Die private Südosteuropa Universität führt regelmäßig Umfragen dieser Art durch. Sie hat sich der Völkerverständigung verschrieben und bietet Studiengänge in mehreren Sprachen für alle Ethnien an.

Gegenseitiger Respekt

Mirjana Maleska ist Politologin und war im Expertenteam, das die Studie ausgearbeitet hat. Sie sagt, die Umfrage habe gezeigt, dass die meisten Befragten Freunde außerhalb ihrer eigenen Ethnie hätten. Auch würden sie in Geschäften von Angehörigen anderer Ethnien ohne Vorbehalte einkaufen. In einigen Gegenden mit mehrheitlich albanischer Bevölkerung gab ein Drittel der Befragten an, Geschäftsbeziehungen mit Angehörigen anderer Ethnien zu unterhalten. Bashkim Bakiu, Experte für interethnische Beziehungen, teilt die Meinung von Maleska, die den Bericht der ECRI für zu negativ hält. "Die Lage ist in der Realität nicht so negativ, weil sich Mazedonier und Albaner mit Respekt begegnen. In ethnisch gemischten Gegenden, wo die Menschen zusammenleben, gibt es keine Polarisierung. Die gibt es vielleicht dort, wo es keinerlei Berührungspunkte zwischen Albanern und Mazedoniern gibt", so Bakiu.

Gemeinsame Idole

Porträt von Mutter Tereza (Foto: Picture Alliance)
Mutter Tereza mit VorbildfunktionBild: picture-alliance / united archives

Ganz anders verhalte es sich mit den interethnischen Beziehungen aus Sicht der politischen Elite im Land, meint Maleska. Bakiu bekräftigt: Erst die Hetzkampagnen, die auf der albanischen und mazedonischen Seite sowohl auf kommunaler als auch auf landesweiter Ebene vorkämen, die Gesellschaft teilten. "Die politischen Parteien und die politischen Entscheidungsträger setzen ihre politische Mittel bewusst ein, um die ethnischen Gruppen zu provozieren oder Angehörige anderer Ethnischen auszugrenzen", so Bakiu.

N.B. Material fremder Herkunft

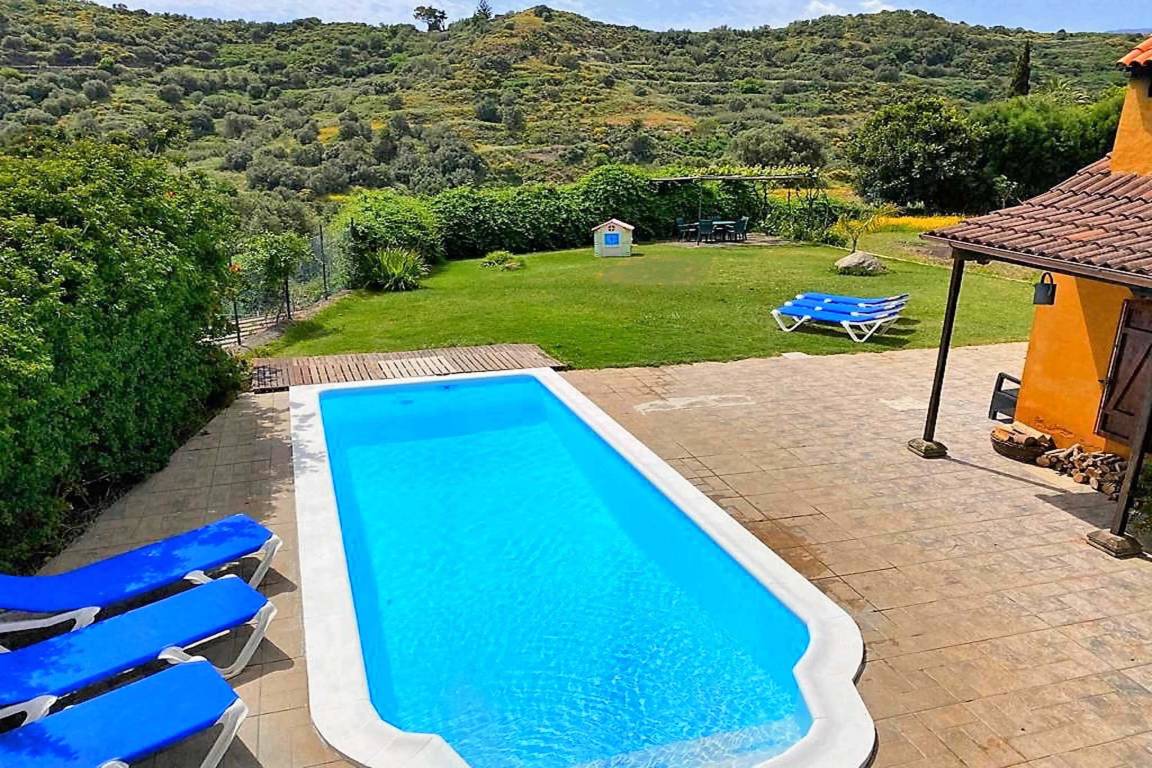 142 M² Casa Rural ∙ 3 Habitaciones ∙ 6 Huéspedes - Canarias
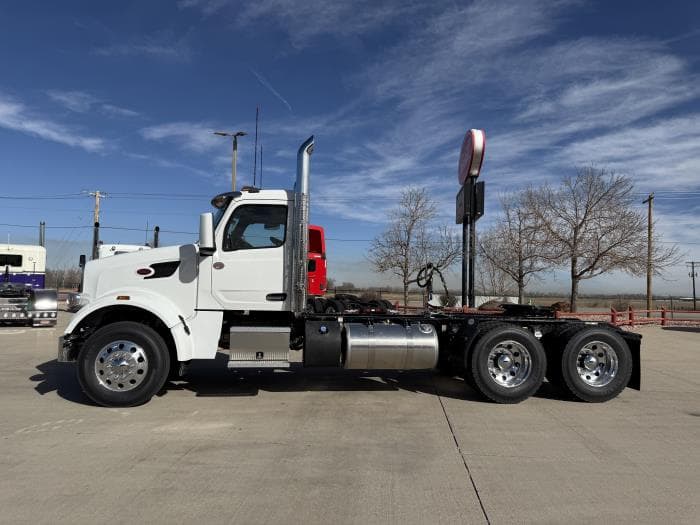 2027 Peterbilt 567 — photo 4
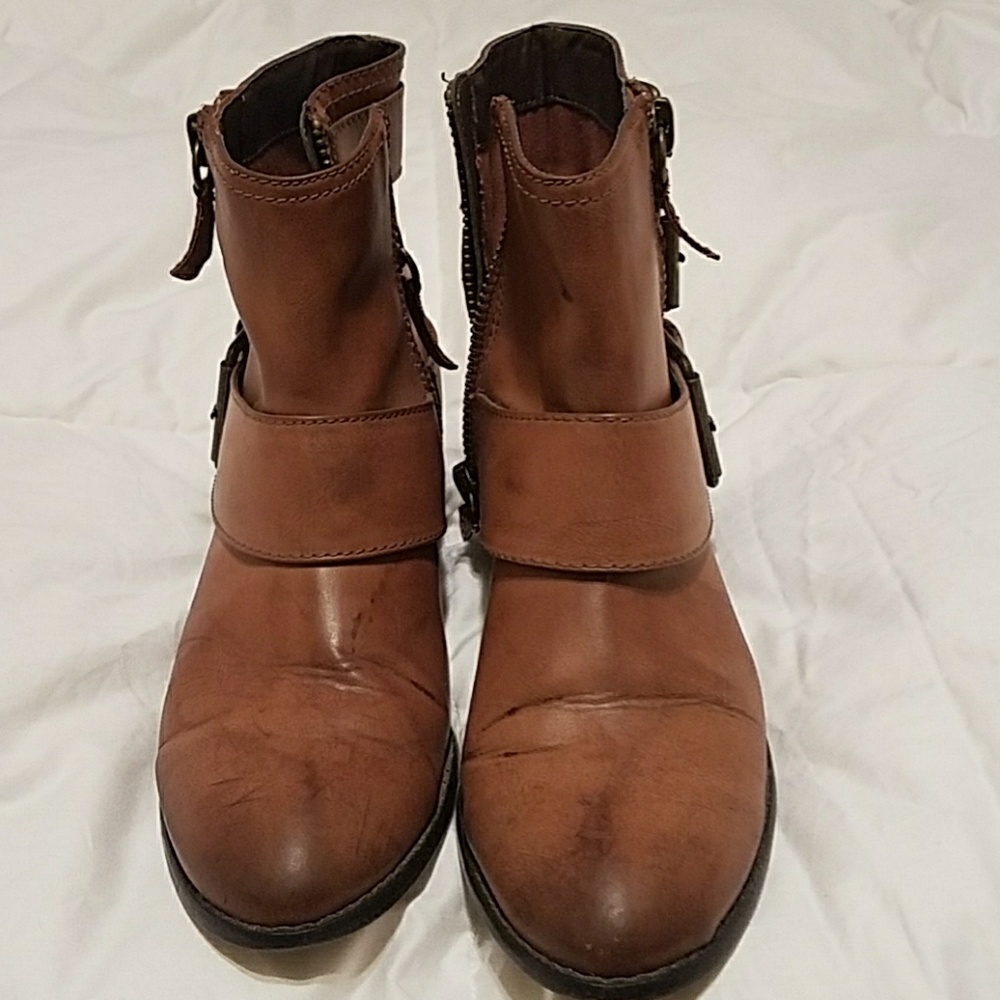 Yellow Box Booties size 8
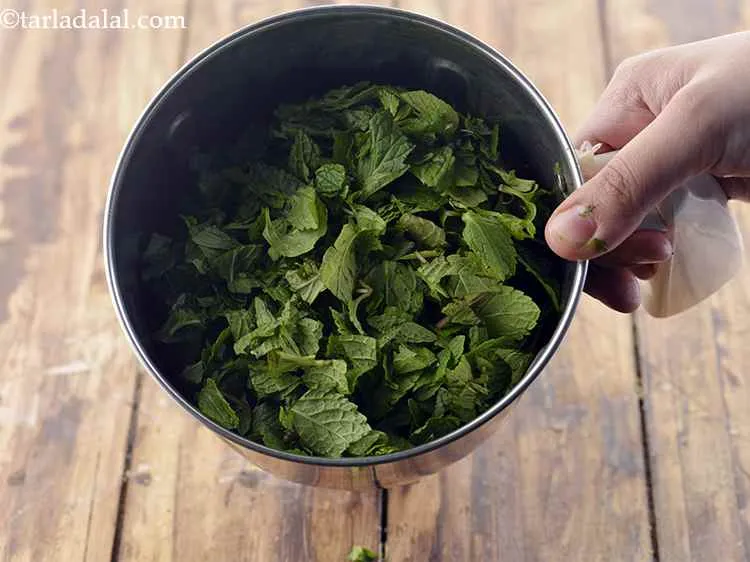 Step 9 – Put the mint leaves in a mixer jar.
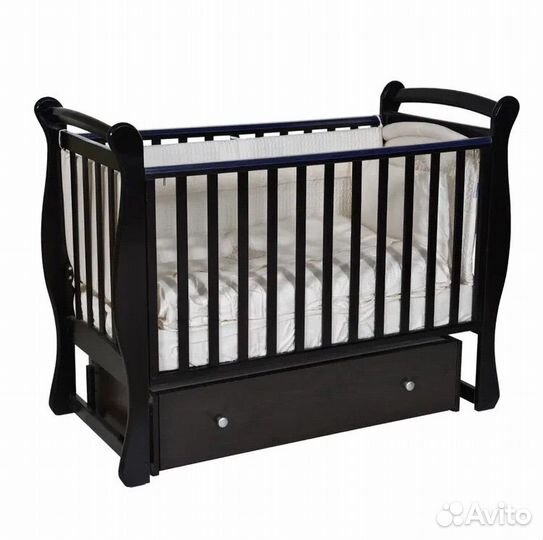 Детская кровать б/у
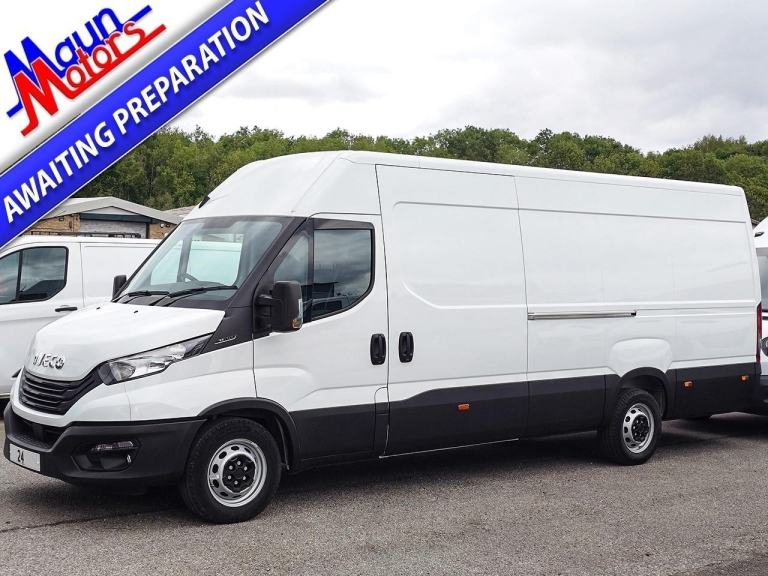 Iveco Daily 35S14 Business, XLWB, Medium Roof Panel Van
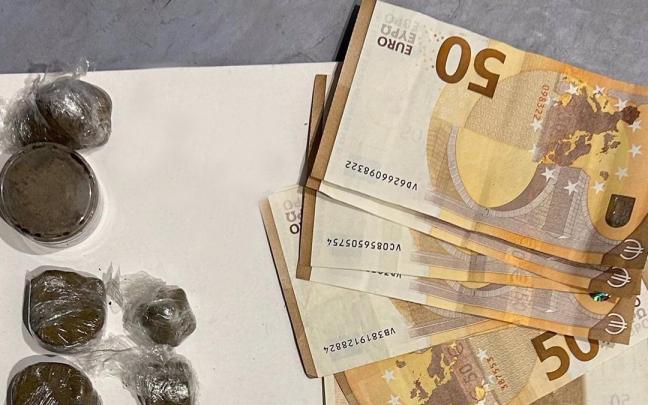 Gizon bat atxilotu dute Bilbon bere autoan saltzeko prest zeuden 100 gramo haxix aurkitu ondoren.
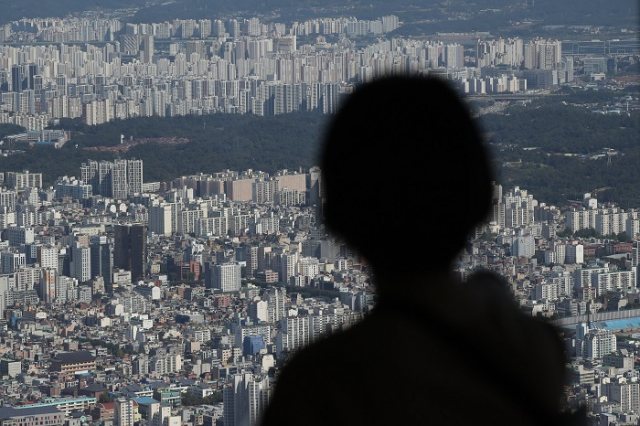 전국적으로 집값 상승이 이어지자 20대 이하 젊은층이 아파트를 많이 사들인 것으로 나타났다. 사진은 서울 송파구 롯데월드타워 서울스카이에서 바라본 일대 아파트. 연합뉴스
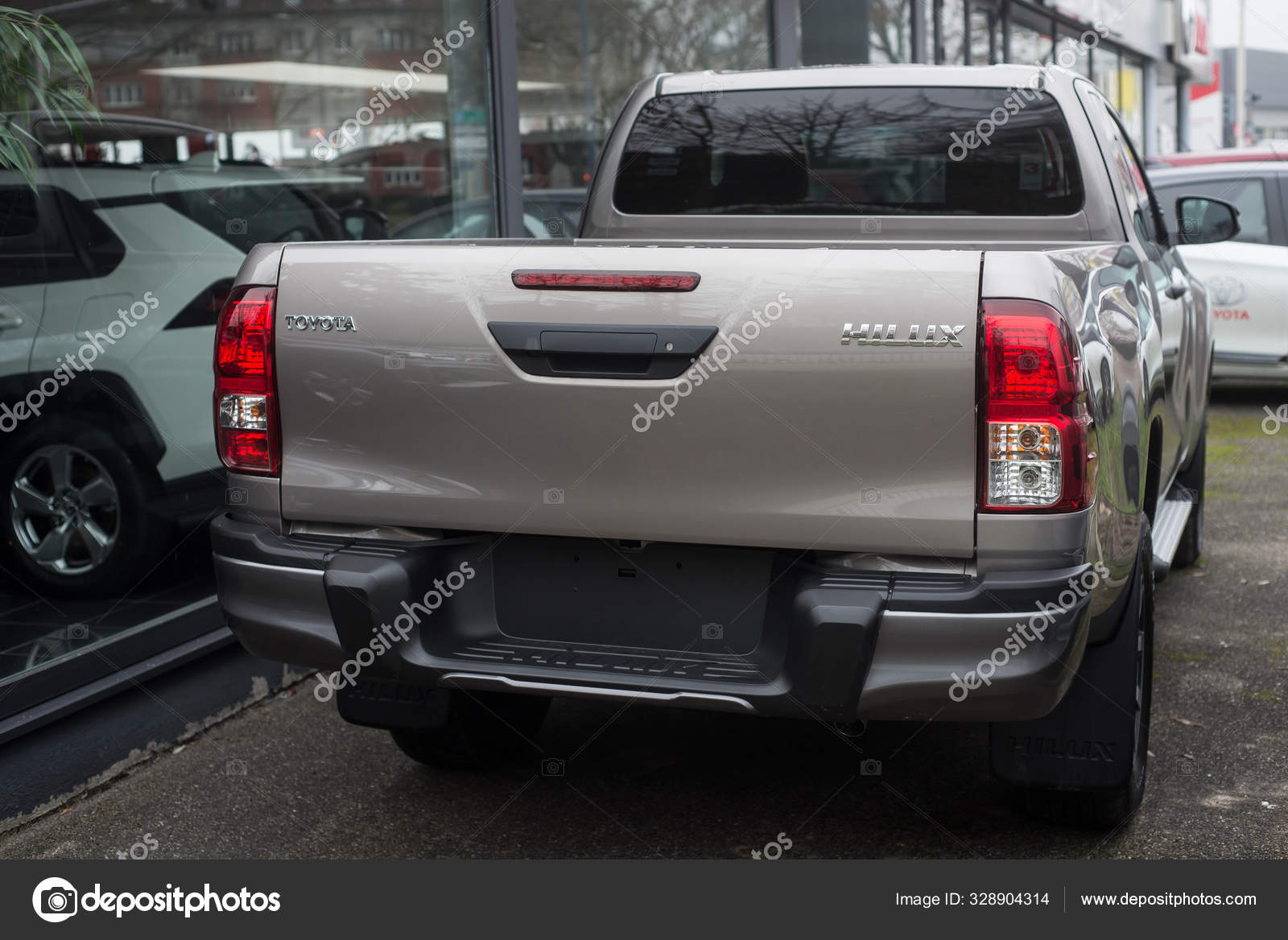 Вид Сзади На Коричневую Тойоту Hilux Пикап, Припаркованный В.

In Mazedonien habe es bislang nur wenige Politiker gegeben, die gewissenhaft mit der Frage der interethnischen Toleranz und Koexistenz umgegangen seien, meint auch Zhidas Daskalovski, der ebenfalls an der Ausarbeitung der mazedonischen Studie mitgewirkt hat. Ihm zufolge ist es in einer multiethnischen Gesellschaft erforderlich, gemeinsame Werte und Ideale zu entwickeln, um eine homogene nationale Einheit zu schaffen. "Wir brauchen Idole wie Mutter Teresa", so sein Credo. Mit dieser in Skopje geborenen Albanerin würden sich alle im Lande identifizieren. Und solche Figuren trügen erheblich dazu bei, die ethnischen Gemeinschaften zusammenzuschweißen.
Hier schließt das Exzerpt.